Afterwards we create a list with the different parameter combinations that we will send as input for each process.

Parallelization is obtained with the multiprocessing module: we create a multiprocessing pool with a given number of processors and we map the created pool to the worker function and the list with the different parameter combinations.
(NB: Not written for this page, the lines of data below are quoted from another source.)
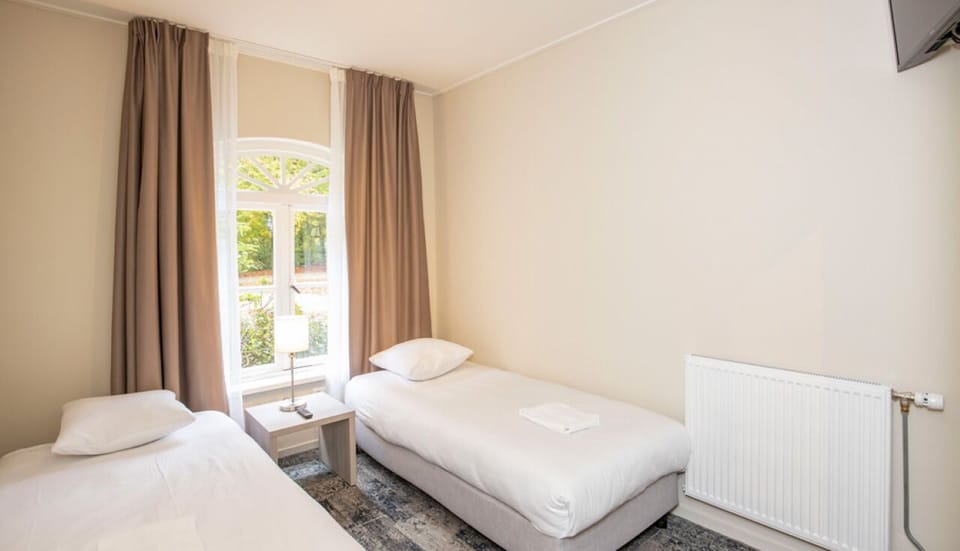 Settle into crisp twin beds for a quiet, restorative sleep.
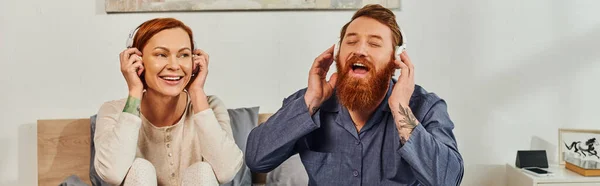 Day off without kids, enjoyment, shared music, redhead husband and wife, happy couple in wireless headphones, bearded man and carefree woman, tattooed music lovers, weekends relaxation, banner — Stock Photo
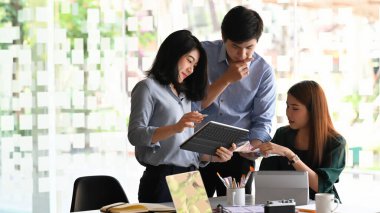 Bunlar hakkında konuşan / tartışan / beyin fırtınası yapan / görüşen / planlayan genç iş geliştirme ekibinin fotoğrafı modern ofis / toplantı odasıyla toplantı masasında son buluyor.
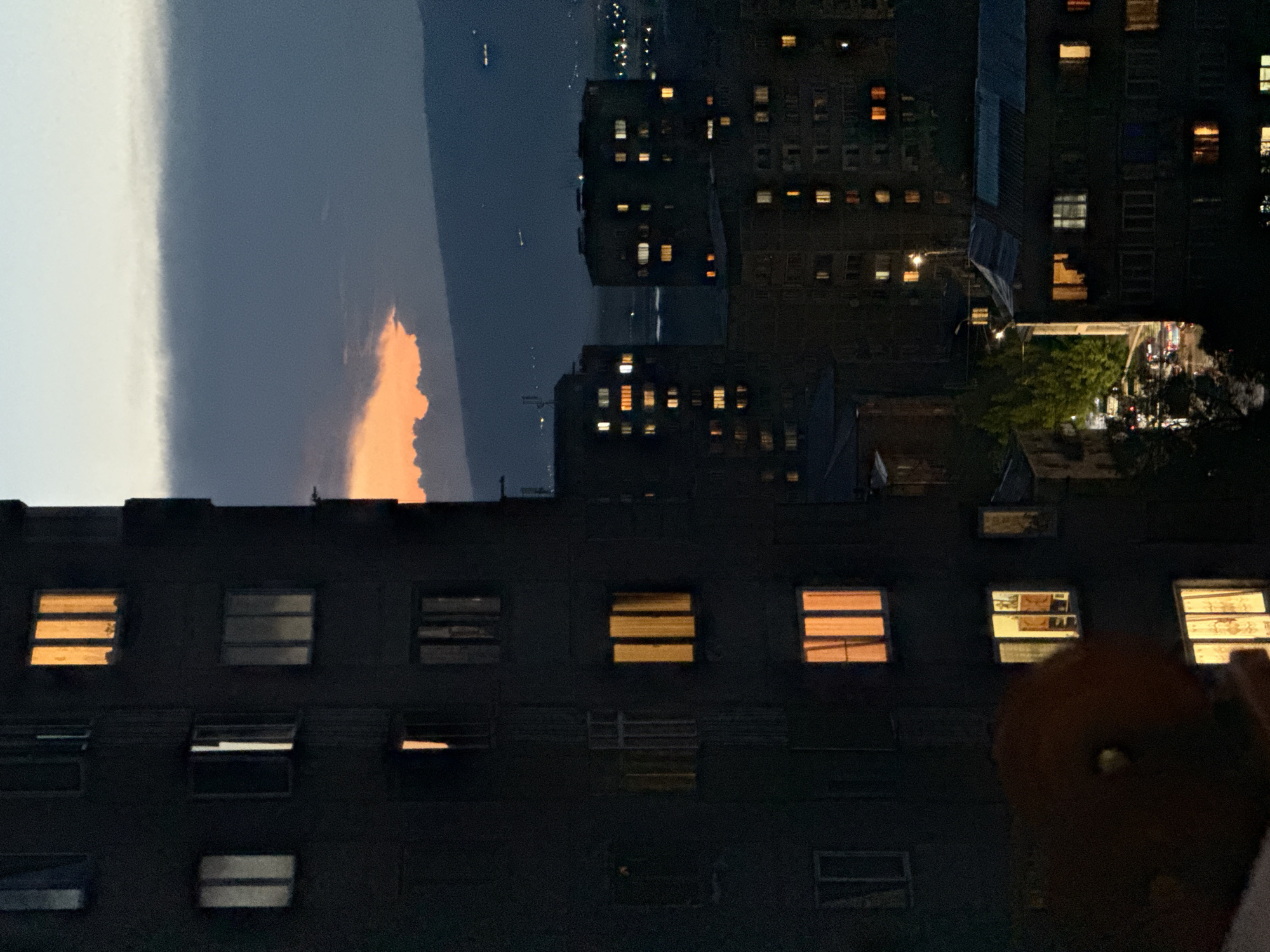The image captures a city skyline at dusk, likely in Abovyan, Armenia, with a prominent apartment building in the foreground on the left. The building's dark facade is punctuated by numerous windows, some illuminated by warm, golden light, suggesting occupancy. A few windows are dark or dimly lit. The sky above is a gradient of fading daylight, with a band of dark clouds obscuring a portion of a vibrant orange sunset. In the background, several other apartment buildings are visible, also displaying a scattering of lit windows, indicating a residential urban environment. A street with car lights is visible in the middle ground, and distant city lights twinkle on the horizon, suggesting a larger urban sprawl beyond the immediate foreground. The overall atmosphere is one of a quiet evening settling over a densely populated area.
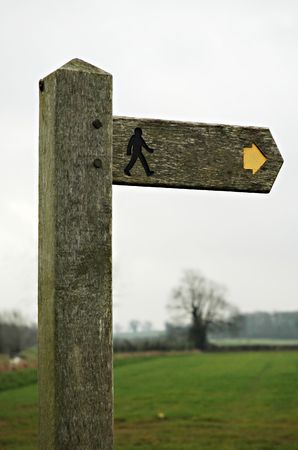 old wooden roadsign with arrow and man silhouette.
Easy to isolate.の写真素材
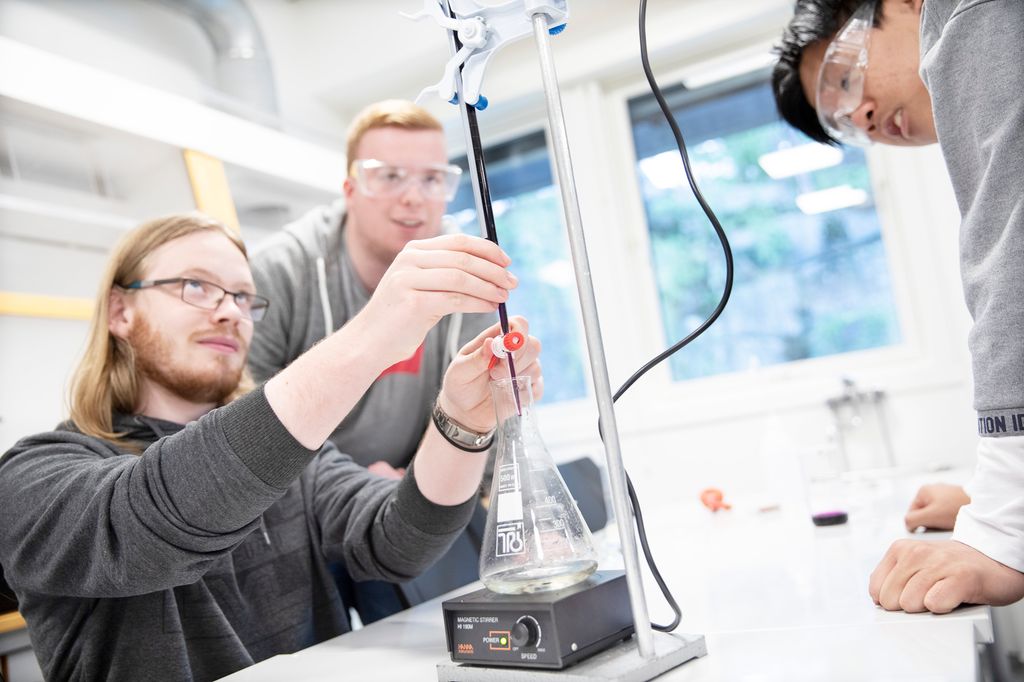 En person tapper væske fra et tynt rør til kolbe på et måleapparat. Foto.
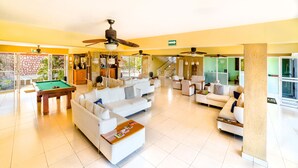 Uma sala de estar ampla com mesa de bilhar, vários sofás, ventiladores de teto e grandes janelas com vista para o exterior.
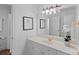 Clean bathroom with white vanity, framed art, and elegant fixtures at 202 Whitmyre Ct, Fort Mill, SC 29715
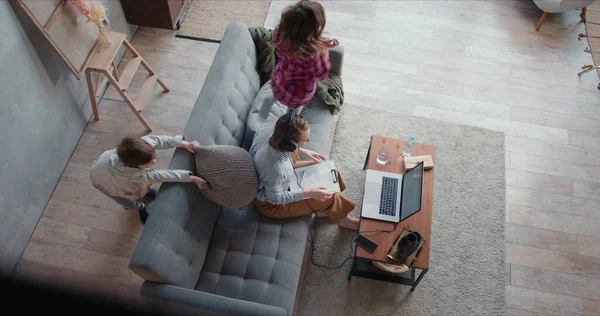 Top View dvě dospívající děti řídit jejich mladá matka blázen, zatímco ona se snaží pracovat z domova on-line pomocí notebooku. — Stock fotografie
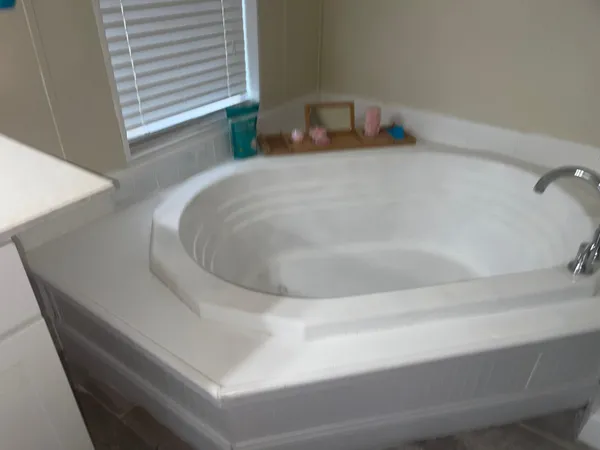 a en suite bathroom with a bathtub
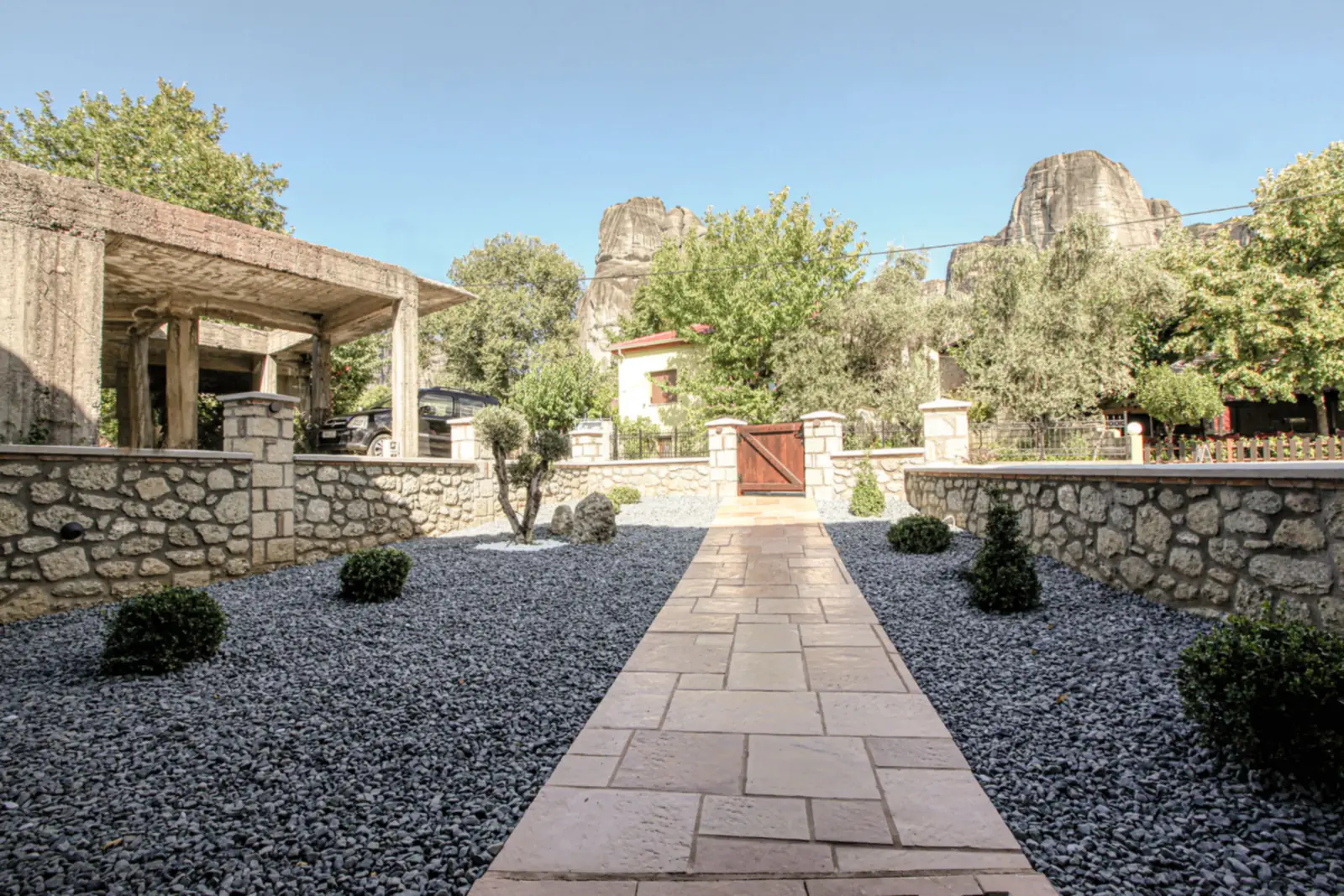 The courtyard path at the suites, with the Meteora rocks rising behind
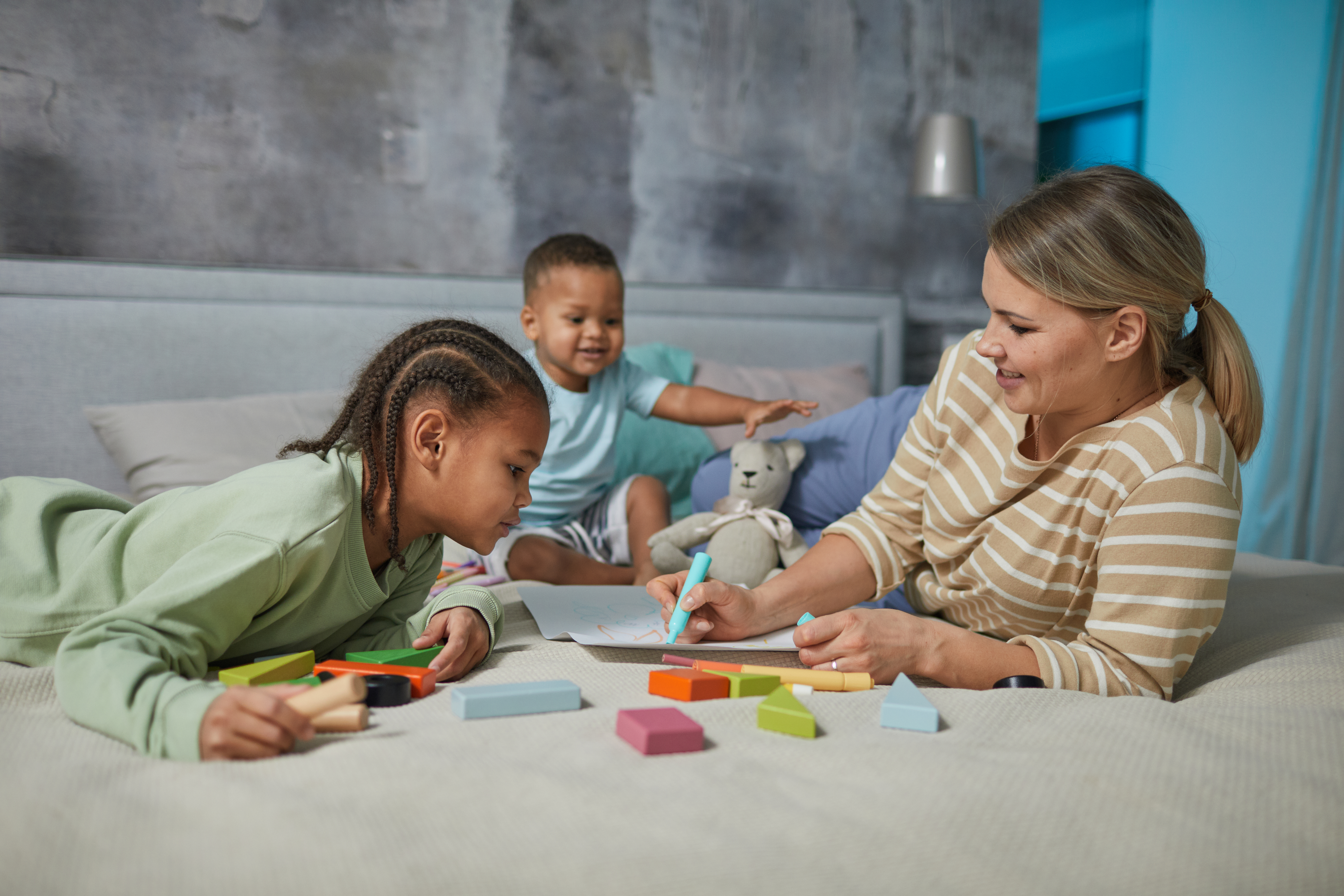 Mujeres con dos niños pequeños en una guardería en casa jugando con juguetes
At the end we print the obtained results.

"""
Example of multiprocessing with Python and amplpy.
This module defines a worker function that solves an AMPL model.
Multiple combination of parameters are generated and each one is
passed to a process.
Individual results of all processes are printed at the end.
"""

import multiprocessing
import os
import time

if __name__ == "__main__":
    from worker import worker

    # Generate different combinations of parameters to send to each process
    alphas = [0.7, 0.8]
    betas = [0.6, 0.7]
    nruns = 3

    config = []
    seed = 0
    for a in alphas:
        for b in betas:
            for r in range(nruns):
                config.append((a, b, r, seed))
                seed += 1

    print("Configurations:")
    print("\t".join(["alpha", "beta", "run", "seed"]))
    for c in config:
        print("\t".join([str(i) for i in c]))
    print()
    print("Number of workers:", len(config))
    print()

    # Get the number of processors available and initialyze the pool
    # Could be better to use nproc = os.cpu_count()-1 and keep one processor for the OS
    nproc = os.cpu_count()
    print(nproc, "processors available")
    print()
    pool = multiprocessing.Pool(nproc)

    # Run the workers
    main_start_time = time.time()
    results = pool.map(worker, config)
    pool.close()
    main_end_time = time.time()

    # Print results
    print("Results:")
    print("\t".join(["alpha", "beta", "run", "objective", "workertime"]))
    for r in results:
        print("\t".join([str(i) for i in r]))
    print()
    print("Main time: %.3f" % (main_end_time - main_start_time))
    print("Average worker time: %.3f" % (sum(r[4] for r in results) / (nproc)))
    print("Total time: %.3f" % (sum(r[4] for r in results)))
Configurations:
alpha	beta	run	seed
0.7	0.6	0	0
0.7	0.6	1	1
0.7	0.6	2	2
0.7	0.7	0	3
0.7	0.7	1	4
0.7	0.7	2	5
0.8	0.6	0	6
0.8	0.6	1	7
0.8	0.6	2	8
0.8	0.7	0	9
0.8	0.7	1	10
0.8	0.7	2	11

Number of workers: 12

4 processors available

Results:
alpha	beta	run	objective	workertime
0.7	0.6	0	3525.832209279827	25.238504648208618
0.7	0.6	1	3524.356178682977	25.41237211227417
0.7	0.6	2	3541.325355197152	25.553394317626953
0.7	0.7	0	3565.9342984444384	27.238896131515503
0.7	0.7	1	3585.2380403500324	21.48252558708191
0.7	0.7	2	3402.66236960429	20.380152225494385
0.8	0.6	0	3265.1446466955886	20.773118257522583
0.8	0.6	1	3390.28915038965	20.527676343917847
0.8	0.6	2	3422.6281549721944	19.438149213790894
0.8	0.7	0	3290.5810949315205	20.264755964279175
0.8	0.7	1	3233.292842109562	17.839205741882324
0.8	0.7	2	3282.2282040925375	18.890254974365234

Main time: 66.715
Average worker time: 65.760
Total time: 263.039

In our example a nearly linear speedup was achieved. Depending on the ratio between the number of workers and number of processes this value may vary. Statistical analysis of the results is beyond the scope of this notebook.